TASK DESCRIPTION –
Locate the line containing "Rolex Day-Date 36" in the data below. Reproduce it and every following line up to the end, exactly as given.

***

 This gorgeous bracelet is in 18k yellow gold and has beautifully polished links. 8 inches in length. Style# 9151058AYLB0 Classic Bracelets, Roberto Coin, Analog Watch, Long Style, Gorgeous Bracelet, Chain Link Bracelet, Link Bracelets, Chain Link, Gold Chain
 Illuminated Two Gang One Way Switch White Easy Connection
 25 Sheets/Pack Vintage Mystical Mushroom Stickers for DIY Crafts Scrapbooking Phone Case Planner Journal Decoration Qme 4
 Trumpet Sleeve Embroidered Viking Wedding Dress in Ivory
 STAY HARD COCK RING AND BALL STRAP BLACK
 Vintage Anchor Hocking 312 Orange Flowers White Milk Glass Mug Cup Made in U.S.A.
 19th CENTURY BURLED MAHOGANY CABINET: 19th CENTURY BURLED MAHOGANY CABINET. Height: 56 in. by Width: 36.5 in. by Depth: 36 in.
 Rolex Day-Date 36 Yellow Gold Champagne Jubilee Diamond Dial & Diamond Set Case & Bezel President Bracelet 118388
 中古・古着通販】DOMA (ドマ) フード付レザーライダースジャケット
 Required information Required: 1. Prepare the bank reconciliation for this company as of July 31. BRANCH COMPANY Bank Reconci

***

FINISHED EXERCISE –
 Rolex Day-Date 36 Yellow Gold Champagne Jubilee Diamond Dial & Diamond Set Case & Bezel President Bracelet 118388
 中古・古着通販】DOMA (ドマ) フード付レザーライダースジャケット
 Required information Required: 1. Prepare the bank reconciliation for this company as of July 31. BRANCH COMPANY Bank Reconci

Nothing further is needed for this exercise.